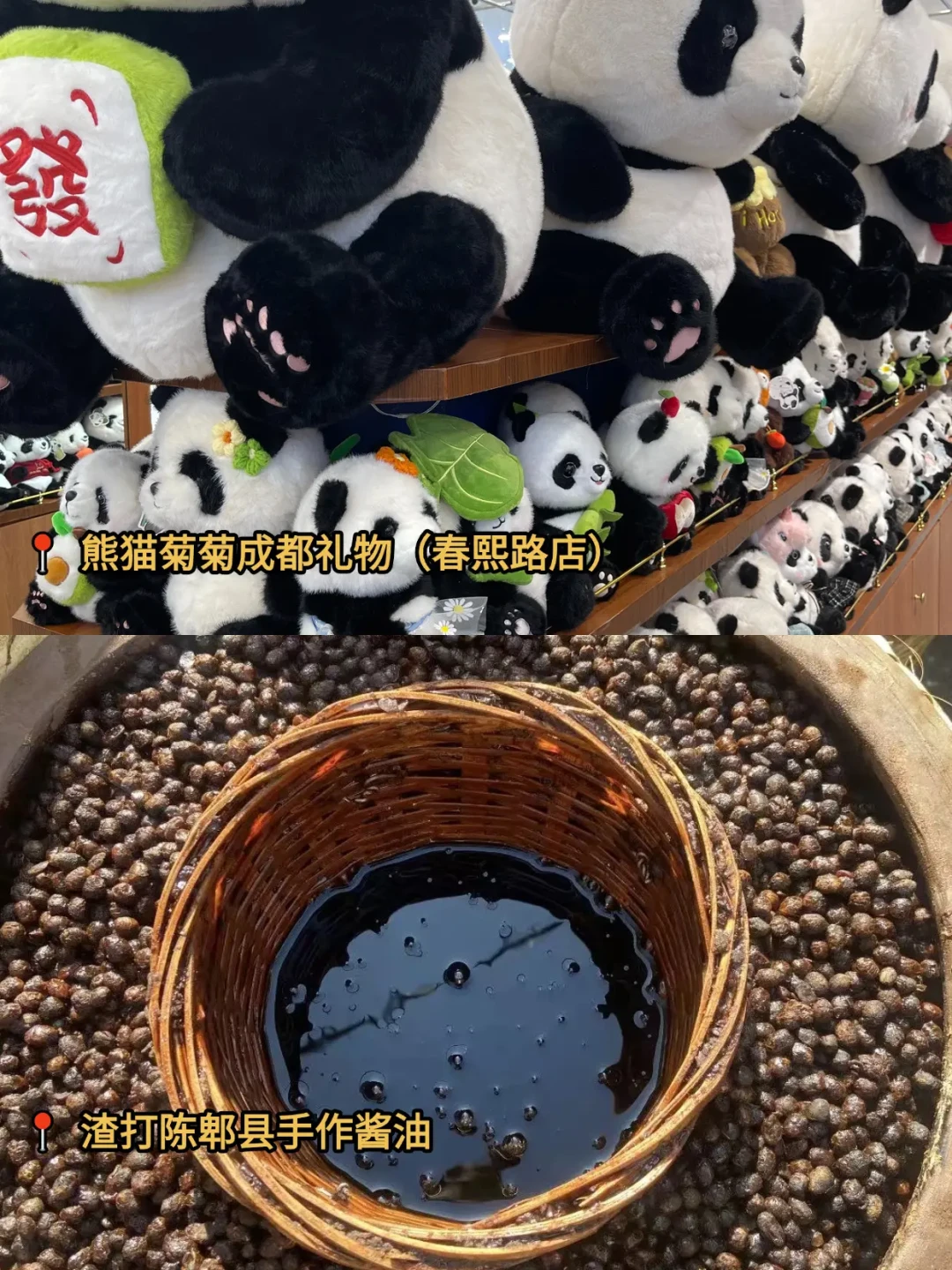 成都一日游精华路线，吃玩不踩雷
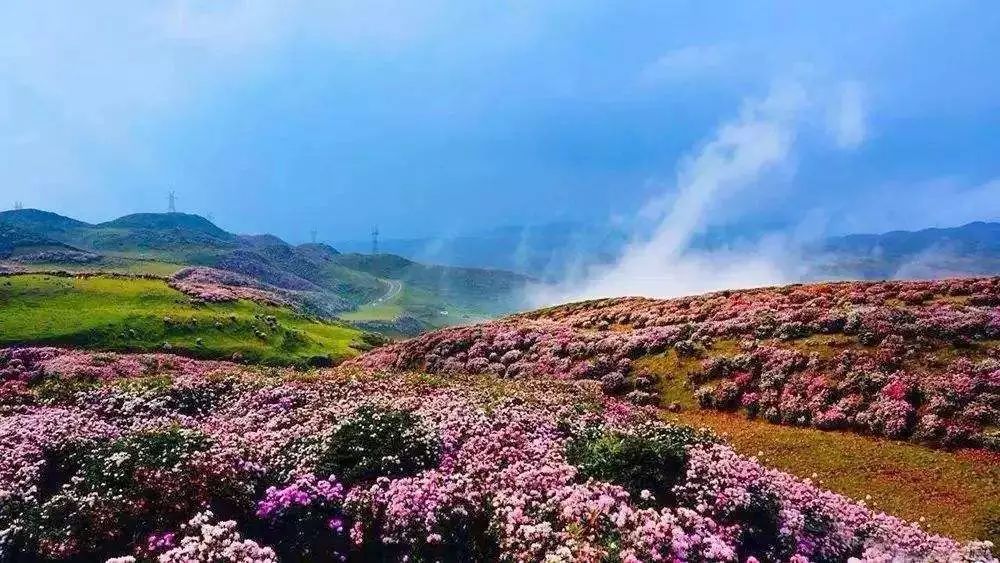 赏乌蒙大草原杜鹃花海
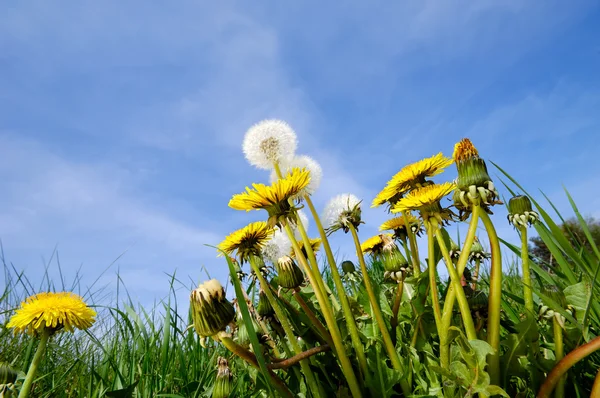 Doğa Karahindiba çiçeği. — Stok fotoğraf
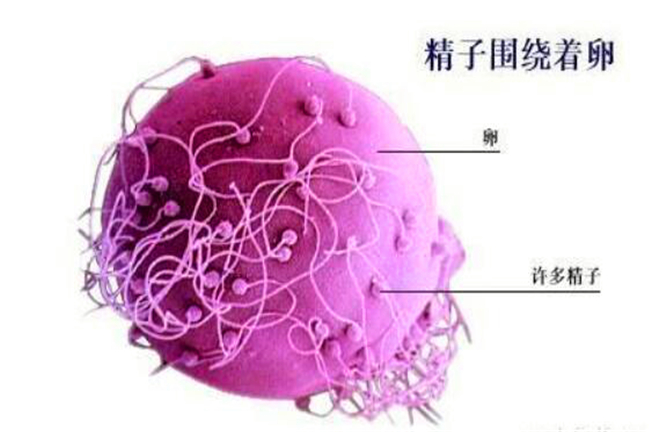 精子和卵子多久才能结合,精子与卵子多久结合在一起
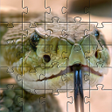 プログラムのアイコン：Snake games jigsaw puzzle…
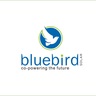 bluebirdsolar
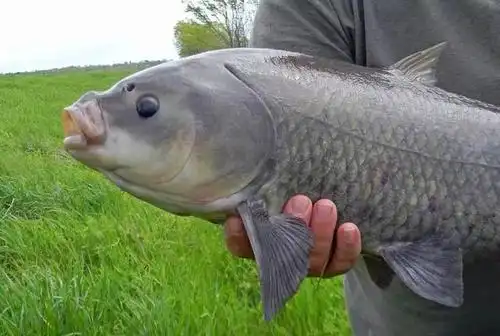 野外发现长寿淡水鱼,实际年龄112岁,是奶奶辈的鱼了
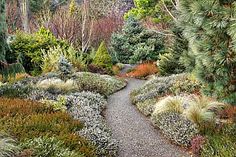 a garden with lots of different types of trees and plants on it's sides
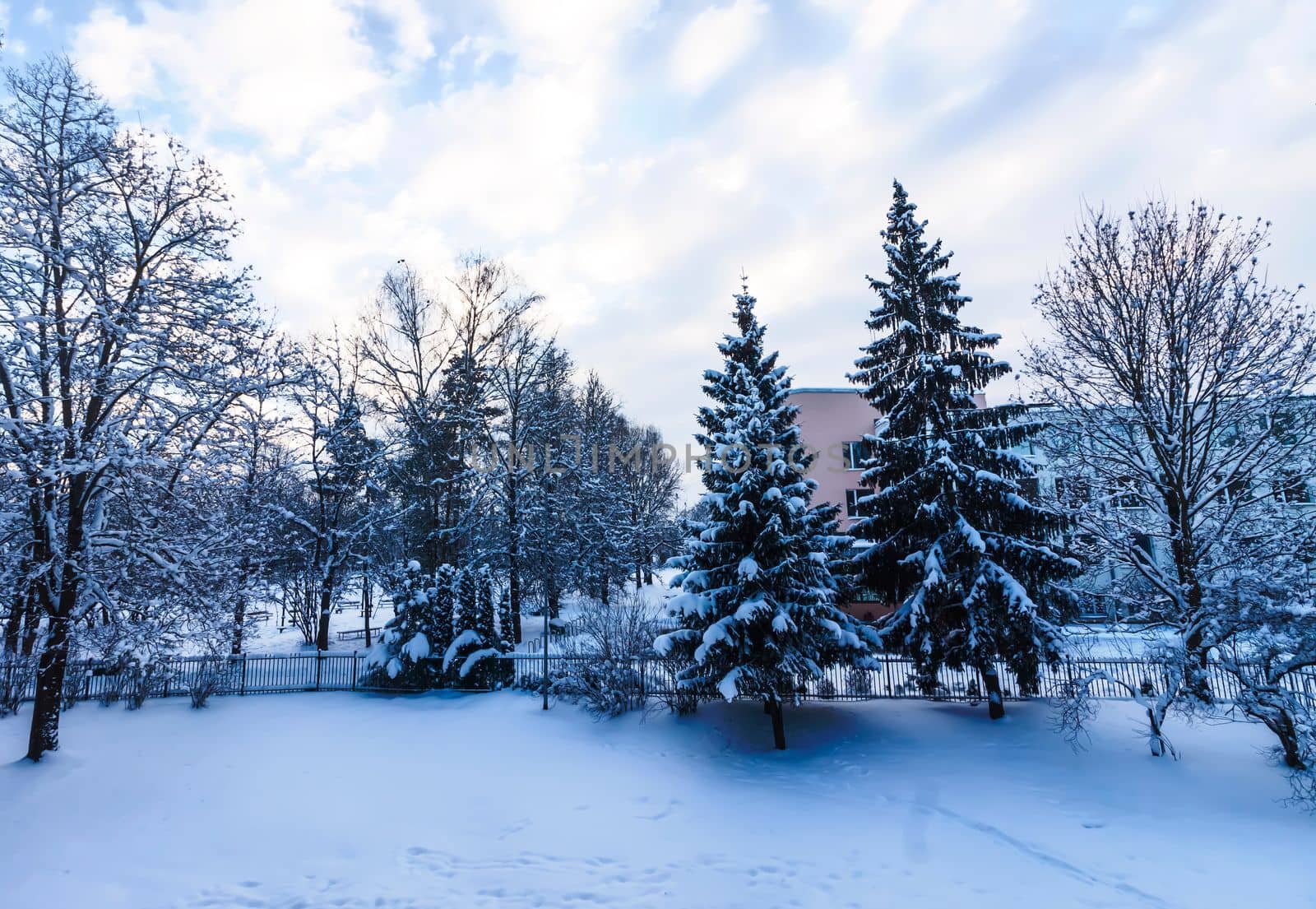 Winter urban landscape with snow-covered trees.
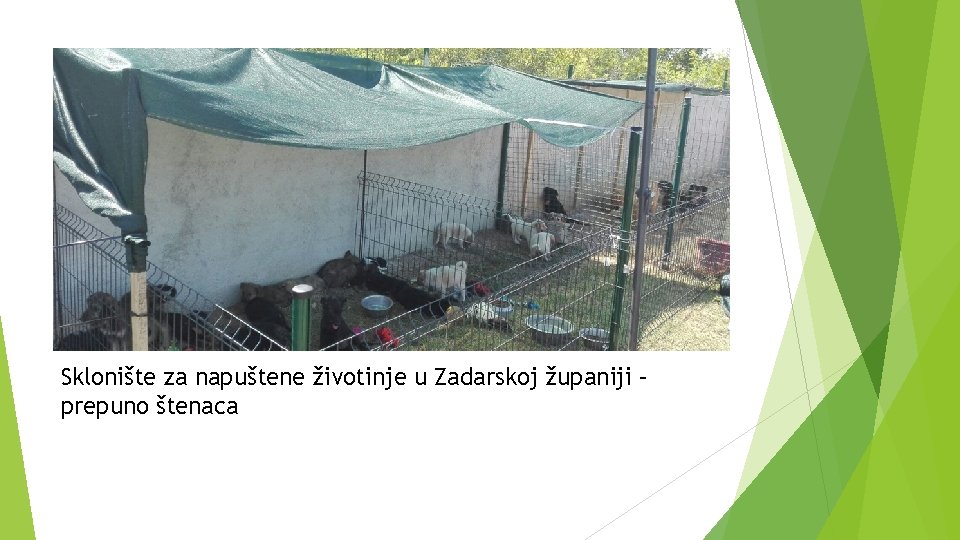 Sklonište za napuštene životinje u Zadarskoj županiji – prepuno štenaca 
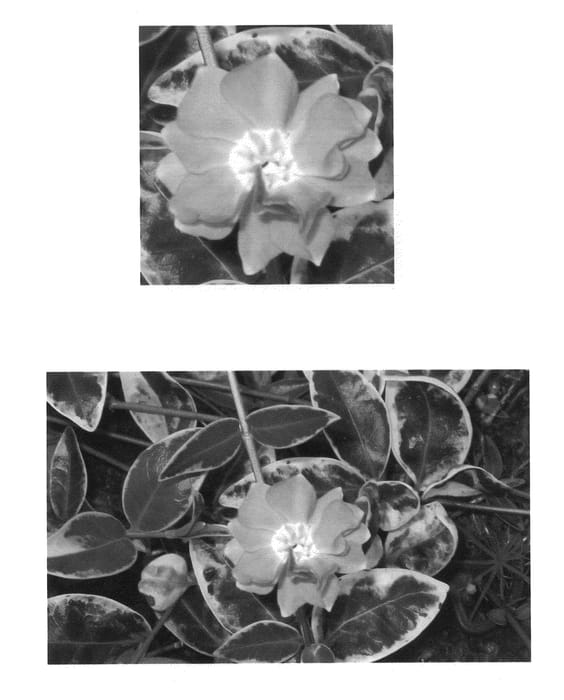 Figure 1 of US plant patent PP20484, the photograph of Parvin printed in the patent.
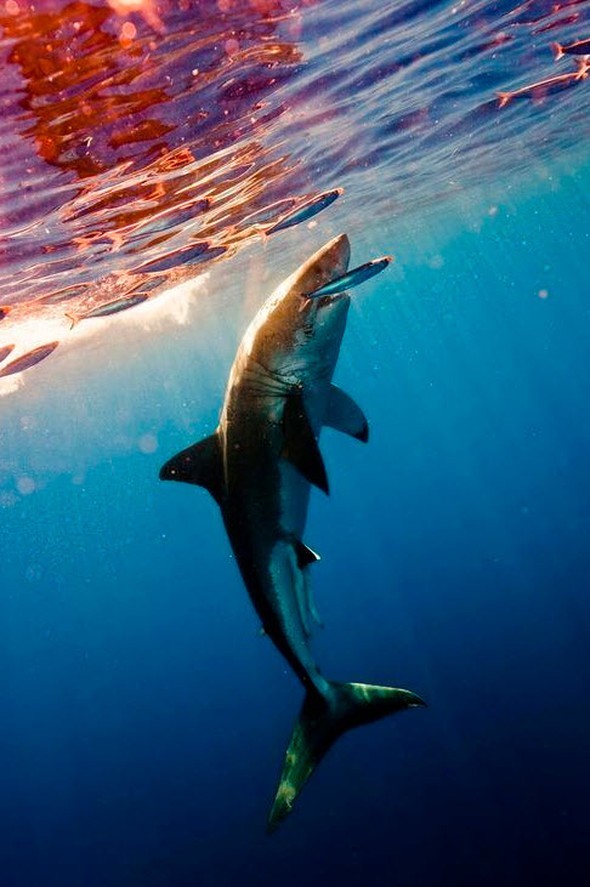 hayatı durduran fotoğraflar 26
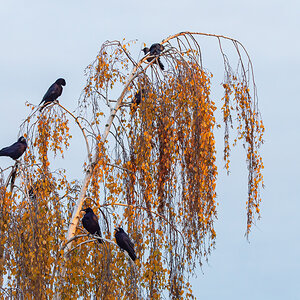 OF2_34446.jpg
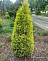 Можжевельник обыкновенный Голд Кон (Juniperus communis Gold Cone) C3 30-40 см А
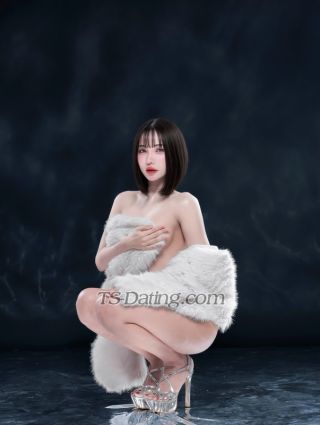 trans girl Honeysweet 8733784 trans girl Honeysweet 8733784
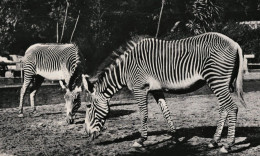 Grevy-Zebras Zoologischer Garten Berlin 1943 Unused Photo Postcard. Publisher J.Wieland & Co Berlin - Zèbres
● ● ● ● ●
- [Try it]
Output the line that contains "Figure 1 of" and every line after it to the end of the records, word for word, leaving out the pictures.

- [Exercise result]
 Figure 1 of US plant patent PP20484, the photograph of Parvin printed in the patent.
 hayatı durduran fotoğraflar 26
 OF2_34446.jpg
 Можжевельник обыкновенный Голд Кон (Juniperus communis Gold Cone) C3 30-40 см А
 trans girl Honeysweet 8733784 trans girl Honeysweet 8733784
 Grevy-Zebras Zoologischer Garten Berlin 1943 Unused Photo Postcard. Publisher J.Wieland & Co Berlin - Zèbres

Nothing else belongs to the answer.